◆ Problem to work on: Leaving out the images, reproduce every line of the data that follows exactly.

◆ Information provided:

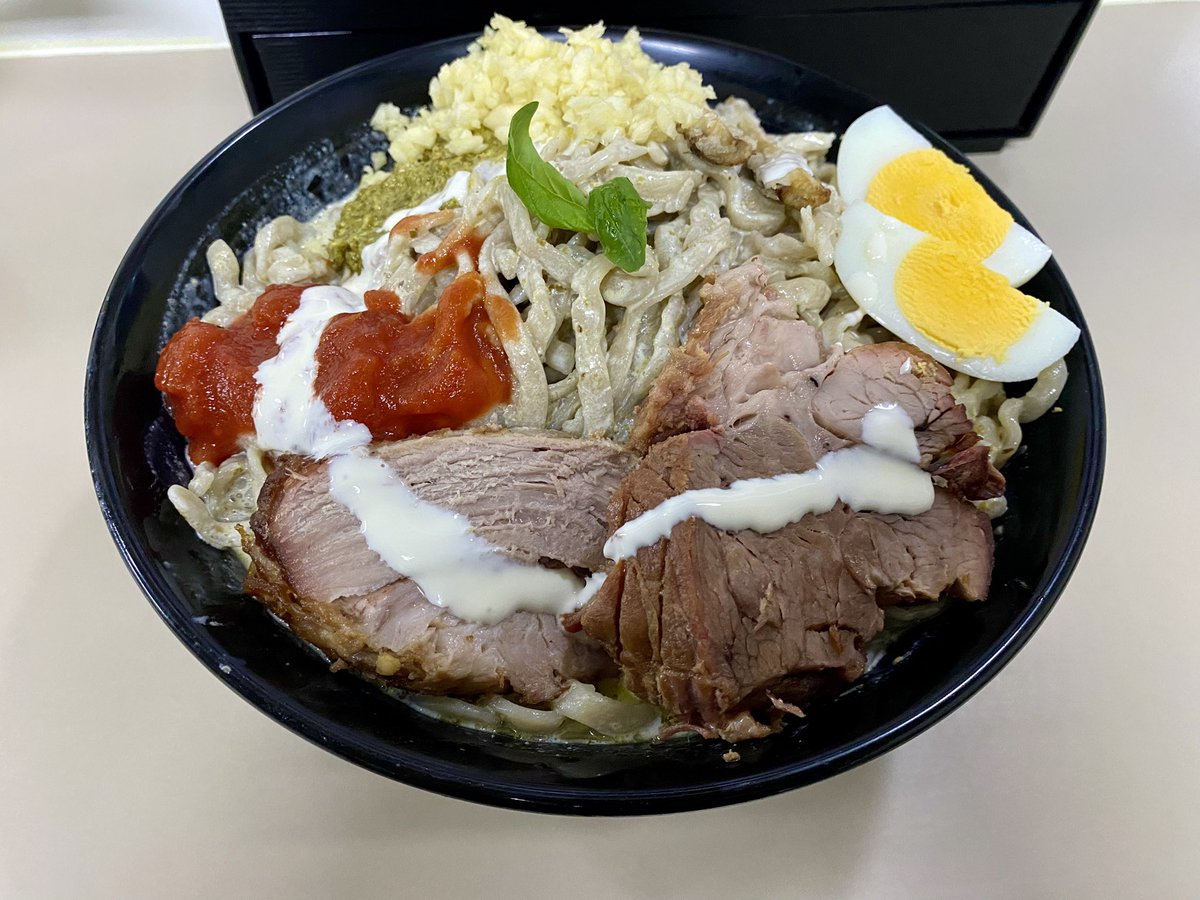 kururu000000's tweet photo. 太宰本店
7/1〜7/10限定
ホワイトジェノベ冷製麺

◆ Your response:
 kururu000000's tweet photo. 太宰本店
7/1〜7/10限定
ホワイトジェノベ冷製麺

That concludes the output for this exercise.